Why Do We Cite Papers?

Excerpts from a conversation with a PhD student in 2005.

First, definitions.

A reference is the publication information about a paper. It should have enough information for a reader to find the paper.

A citation appears in the paper and points to the reference, which is usually at the end of the paper.

When a paper does not cite a key reference (or several), there is a concern. There are actually several possibilities:

  1. The references should be there just as a matter of record.
  2. The references tell the reader that the author knows the field.
  3. If the author does not know the key papers, he or she may well be making mistakes in the work.

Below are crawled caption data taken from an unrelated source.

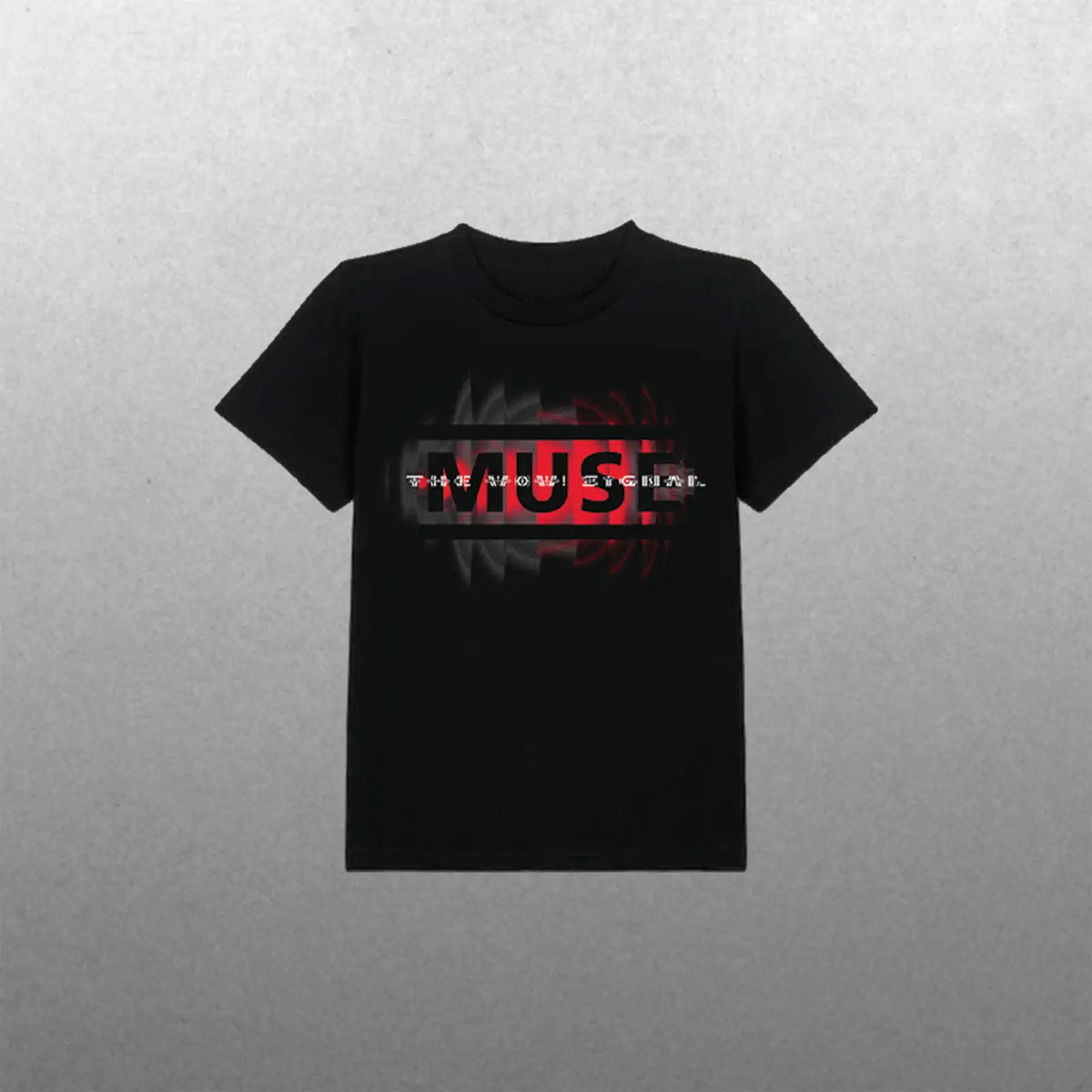 Gradient Pulse Wave Kids T-shirt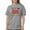 Gray, variant on CafePress - Gi Joe Ugly Christmas Womens Comfort Colors Shirt - Womens Comfort Colors® Shirt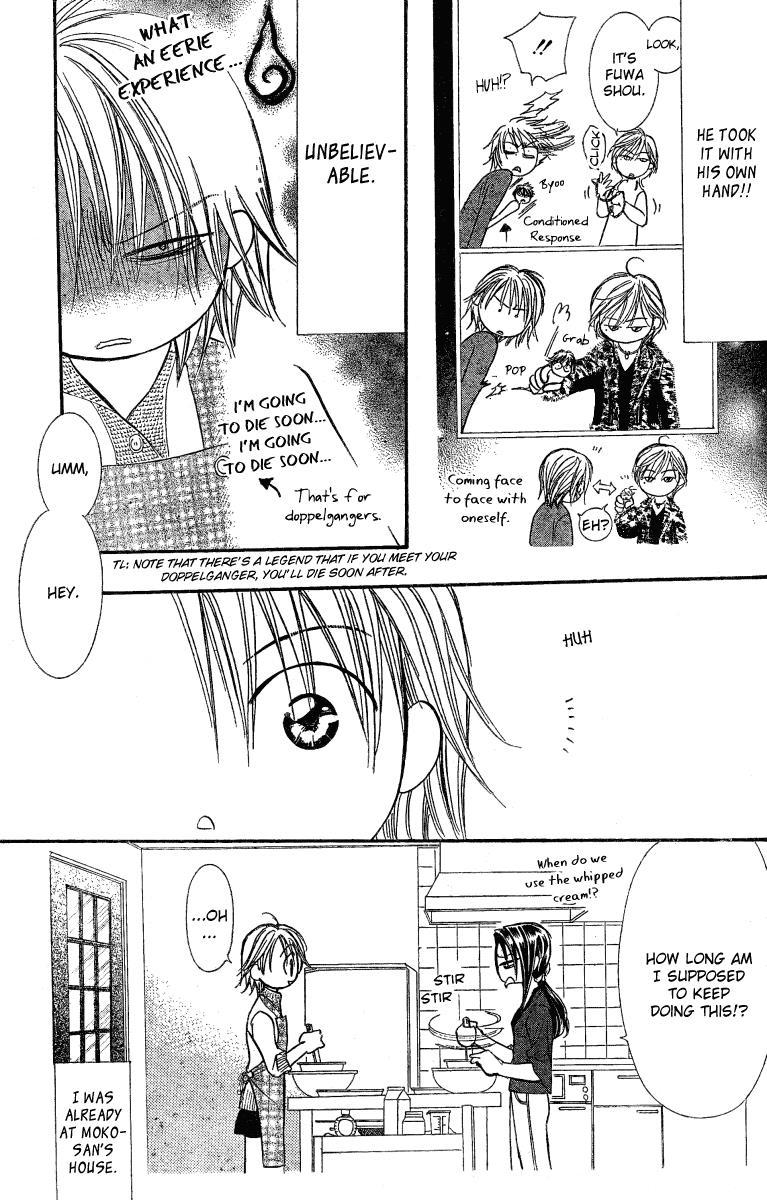 Skip Beat! Chapter 141 page 19 - Chapter 141: Valentine's Revolution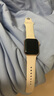 Apple Watch Series 3/4/5 苹果二手智能手表 健康监测 户外体能训练 S5/金色 GPS 38/40mm 实拍图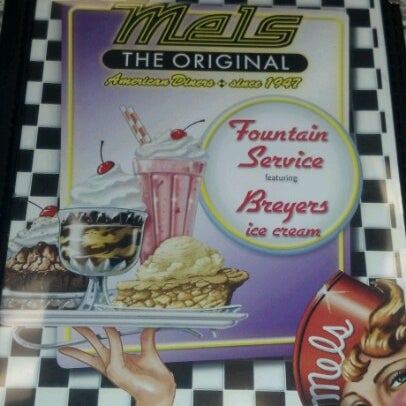 The Original Mels Diner - Diner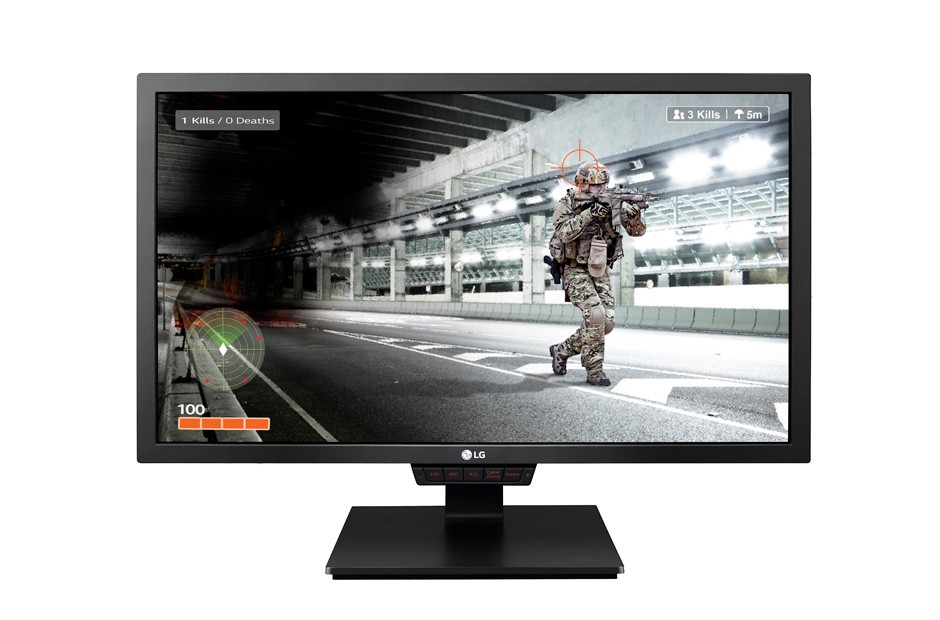 Monitor 24 24GM79G-B 144Hz FullHD TN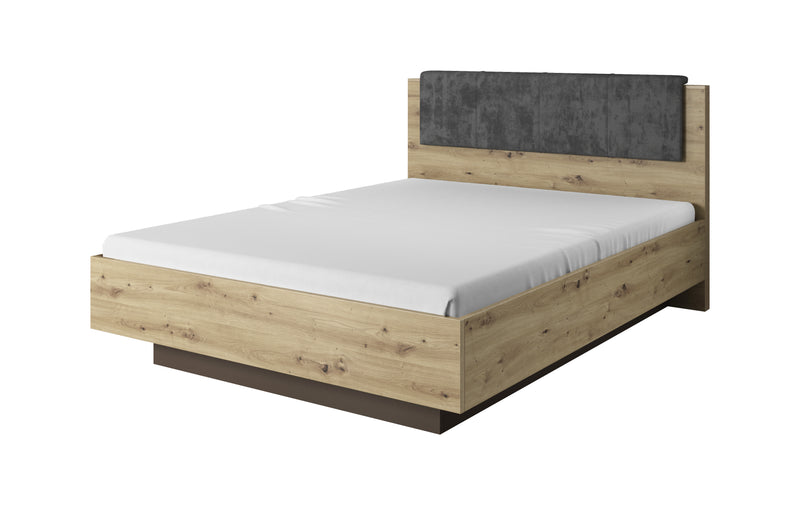 Lask Arco Artisan – Bed - Gas-Lift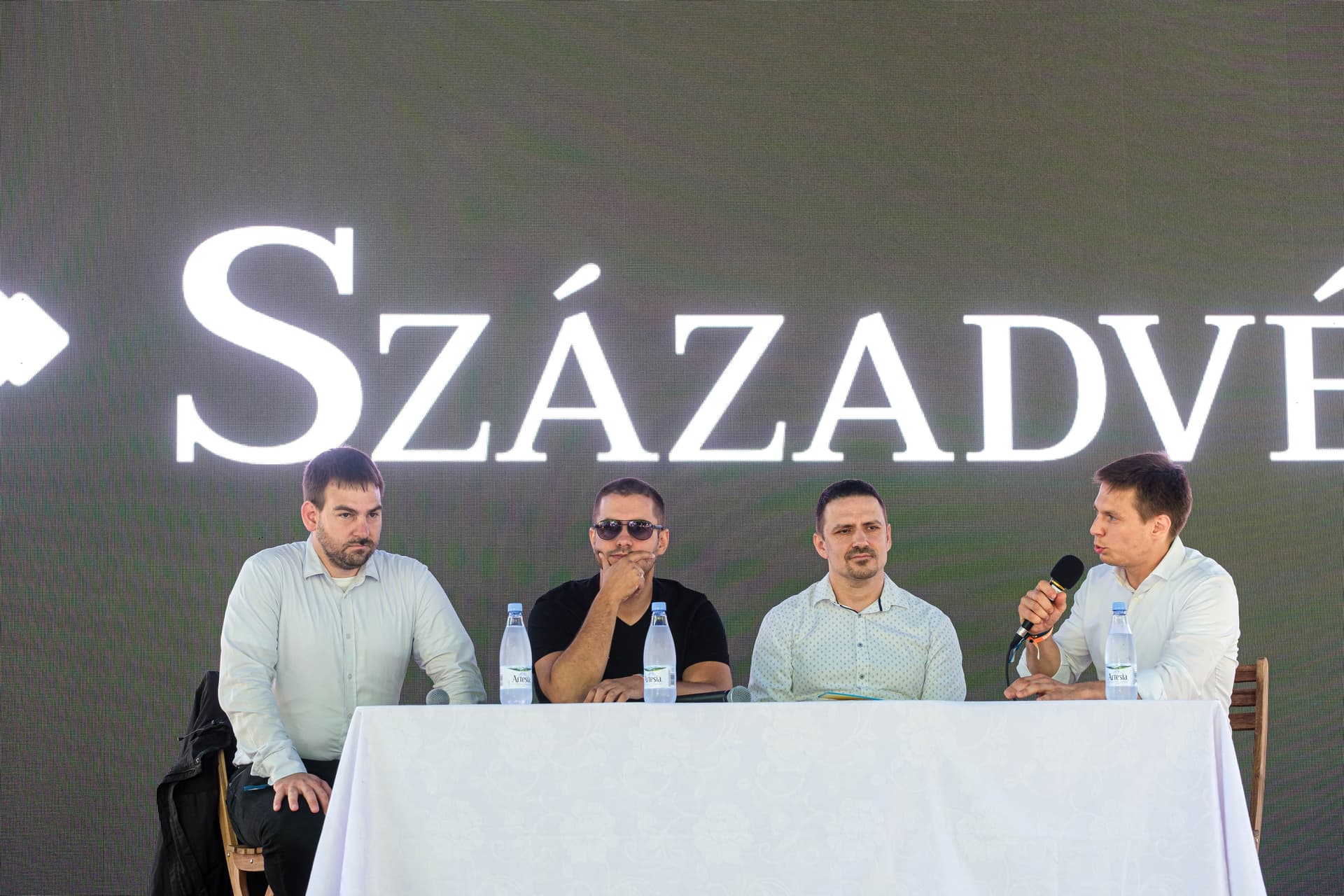 Így zajlott az első nap Tusványoson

There are at least four categories of mistakes:
    1. Repeating work that was already done
    2. Finding solutions to problems that are not as good as already published solutions
    3. Finding solutions that are less complete than previously published solutions
    4. Going in the wrong direction

If the author is lucky, then the only issue is number (1). Issue (2) will make it harder to get the paper accepted, for example, if the reviewer doubts that the author is sufficiently prepared to work in the area. If the problem is (3), the paper should not be published, and if it is published, it makes the author look dumb and the conference or journal irresponsible. If references are missing but the work is still sound, the paper should be accepted and the author should be told of the missing references. That is, a lack of references in and of itself should not be a reason for rejecting a paper.

Of course, I have omitted an all too common issue: The author omitted one of the reviewer's papers and missed the chance to stroke the reviweer's ego. Judging a paper on whether it makes our egos happy is unscientific and unprofessional. The fact that software engineering authors have to worry about it is an unfortunate comment on the lack of maturity of our field.